5. What other issues are important to you and the constituents in your
district, and how would you address those issues? I have knocked on many doors over the past year and have had many wonderful conversations with so many folks. The top two most talked about issues are jobs and public safety. There are many ways to create and bring jobs to our region. First, we really should invest in public Wi-Fi whether we create a county bank or not. This act alone will bring well paying tech jobs into our region practically overnight. Second, we could attempt the idea of micro-loans for potential small businesses. Third, and I’m not saying we follow Galena, IL’s example fully, but that small city is doing very well by keeping the large multi-national corporations like Wal-Mart far enough away from their downtown thank you very much that their downtown is thriving well enough. Fourth, yes, I’m running for a northeast side district, but there is little doubt the west side of Rockford has been largely ignored for far too long.

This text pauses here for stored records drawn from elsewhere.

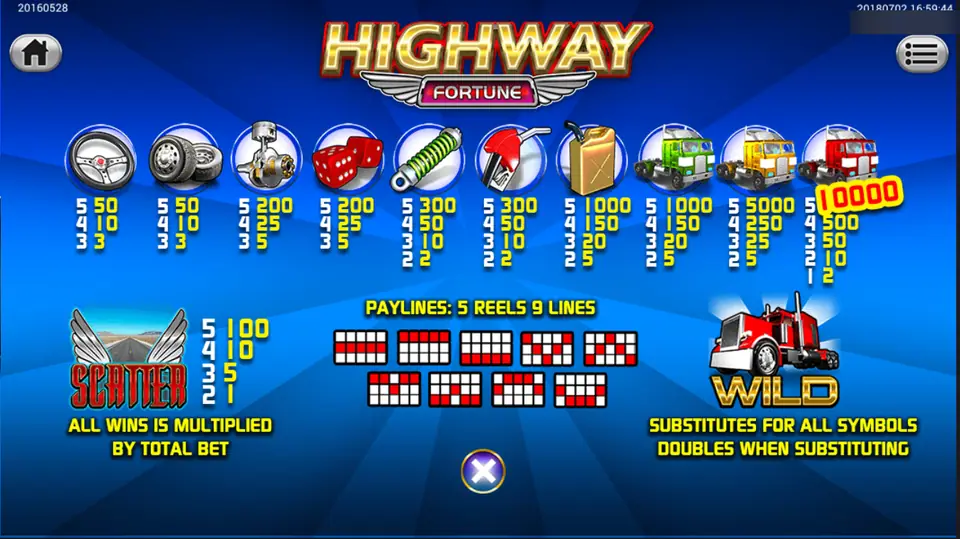 Highway Fortune pay table: red truck 10,000, yellow truck 5000, green truck and jerry can 1000, desert road scatter and red truck wild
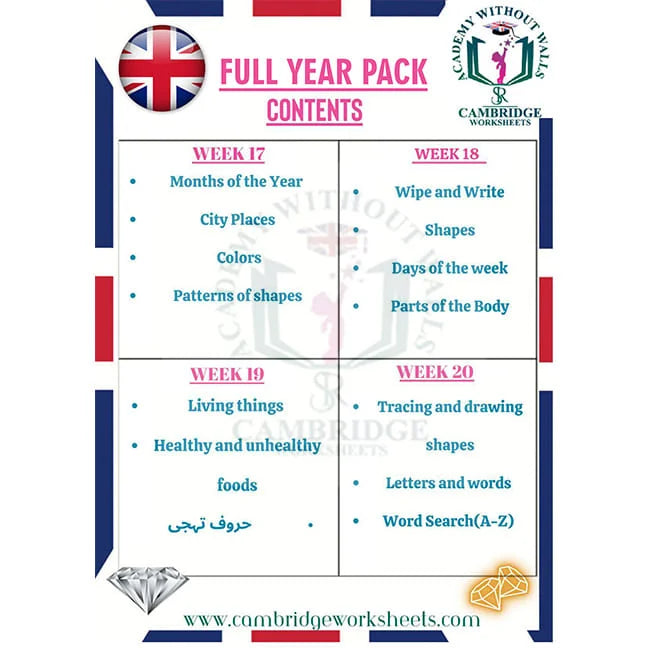 Full Year Pack KG1 Nursery Contents Page 5 – Cambridge Worksheets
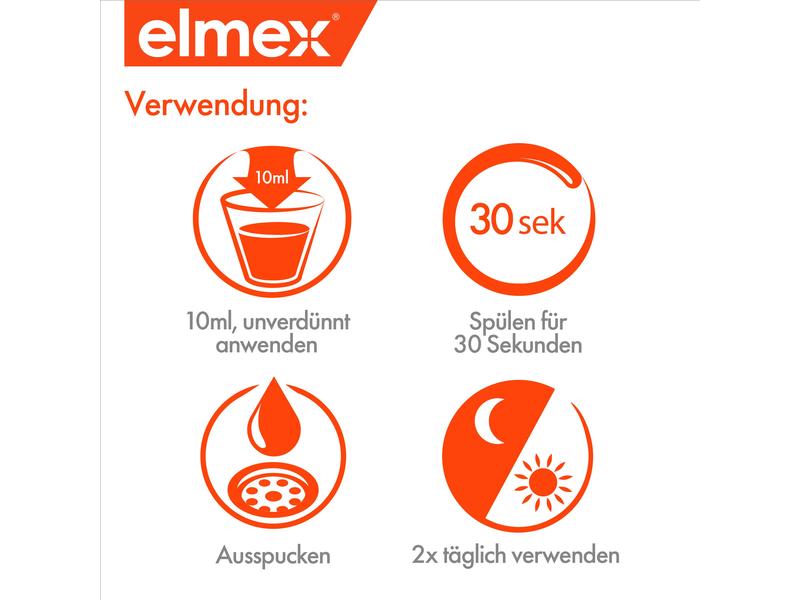 elmex Zahnspülung Kariesschutz 100 ml Reisegrösse Mundspülung remineralisiert Zähne & schützt vor Karies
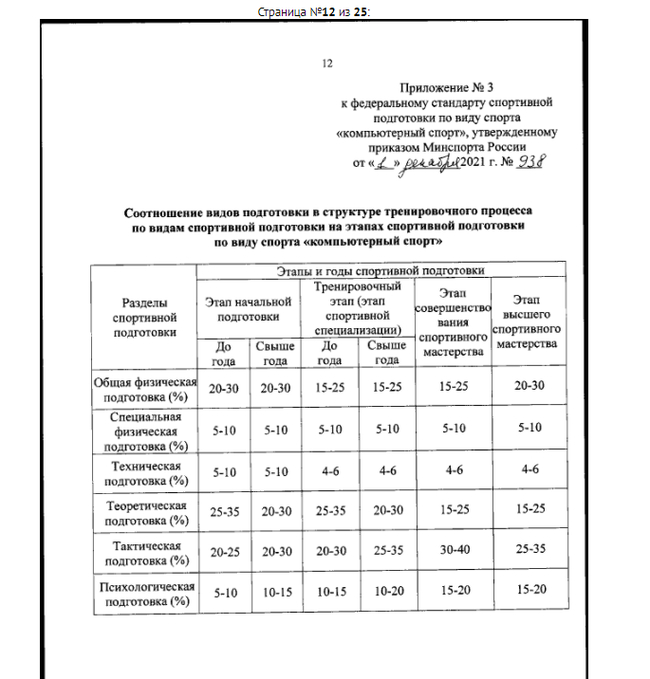 Federal standard of sports training in the sport of computer sports - eSports, Education, Ministry of Sports of the Russian Federation, Longpost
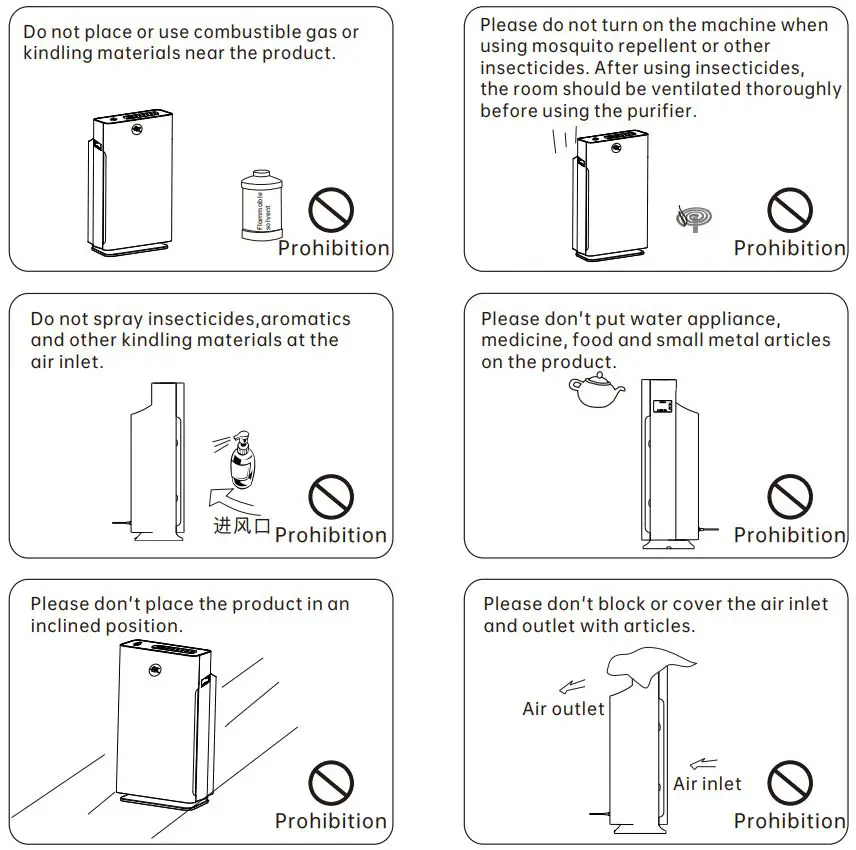 AIRQUALITY KJ400F-01A MESP Air Sterilizing Purifier User Manual - Safety Precautions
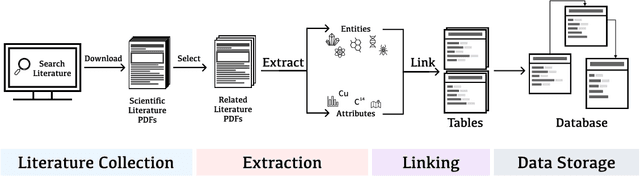 Figure 3 for KnowledgeShovel: An AI-in-the-Loop Document Annotation System for Scientific Knowledge Base Construction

I do think an investment to rebuild the infrastructure on that part of Rockford is in order. In fact, that area should be the first wide area of our county to have any public Wi-Fi if we were to go there. For those who are serious about reducing crime, one of the best remedies in helping to reduce crime is to give people decent jobs with a livable wage and a hopeful outlook for the future. I’m pretty sure the people of my northeast side district would appreciate a slowly lowering crime rate overall as the west side of Rockford gets even half the attention the rest of the area does, which itself will improve the rest of our county. Everybody wins.